Very low inflation targets particularly constrain low-income countries (LICs). LIC governments face modest revenue bases and limited domestic savings. Hence, they should borrow more from central banks to finance their development spending.
But such borrowings are prohibited by law in many developing countries – especially those which have formally embraced IT – to prove their anti-inflationary commitment. Thus, a potentially major means for central banks to be more developmental is denied by statute.
By raising interest rates to keep inflation very low, central banks reduce not only consumer spending, but also business investments. Such policies also increase both public and private debt burdens, in turn constraining spending.

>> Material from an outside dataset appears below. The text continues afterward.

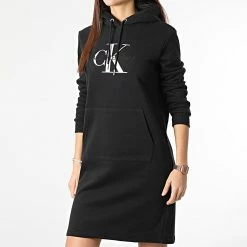 Budget 😍 Robe Sweat Capuche Femme Glossy Monogram 7424 Noir Argenté de Calvin Klein 🔥 6 Budget 😍 Robe Sweat Capuche Femme Glossy Monogram 7424 Noir Argenté de Calvin Klein 🔥 -Calvin Klein Soldes Magasin calvin klein 293444 J20J217424 BEH 20211217T155121 03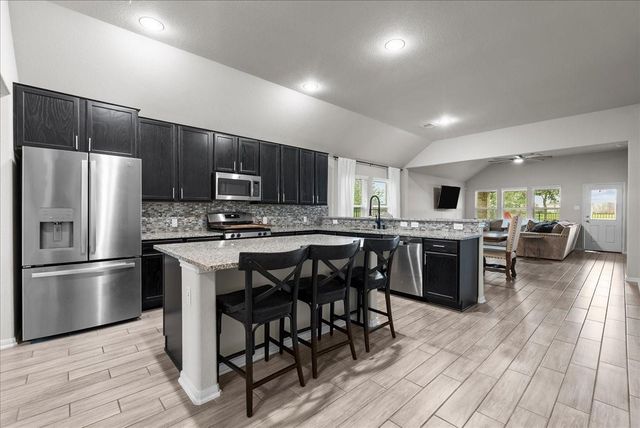 2207 Islawild Way — Lago Mar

Thus, overall aggregate demand remains depressed, limiting growth unless compensated by greater export demand. But higher interest rates attract capital inflows, causing exchange rates to appreciate, undermining export competitiveness.
Means Deny Ends
IT policy is problematic for two major reasons. First, it demands debilitatingly low targets. Second, it denies central banks’ potential developmental role by insisting on price stability – read ‘containing inflation’ – as its principal goal.
IMF researchers have acknowledged, “identifying the growth effects of moving from, say, 20 percent inflation to 5 percent has been challenging”.
They concluded, “pushing inflation too low – say, below 5 percent – may entail a loss of output …, suggesting a need for caution in setting very low inflation targets in low-income countries… In particular, inflation targets should be set so as to help avoid risks of an unintended contractionary policy stance.”
Also, San Francisco US Federal Reserve Bank research has concluded, “developing economies that adopted an inflation target did not show any substantial gains in growth in the medium term compared with those that did not adopt a target”.
Thus, developing countries prioritizing IT have, often unwittingly, curtailed their own economic prospects. Falsely promoted as means to enhance growth, jobs and development, IT, in fact, constrains them – the ultimate con!
Rejecting the IT fetish does not mean doing nothing about inflation. Instead, developing countries need to better know the economic challenges they face and the efficacy of their policy tools. National economic priorities should be comprehensively addressed without subordinating all policy goals to the god of IT.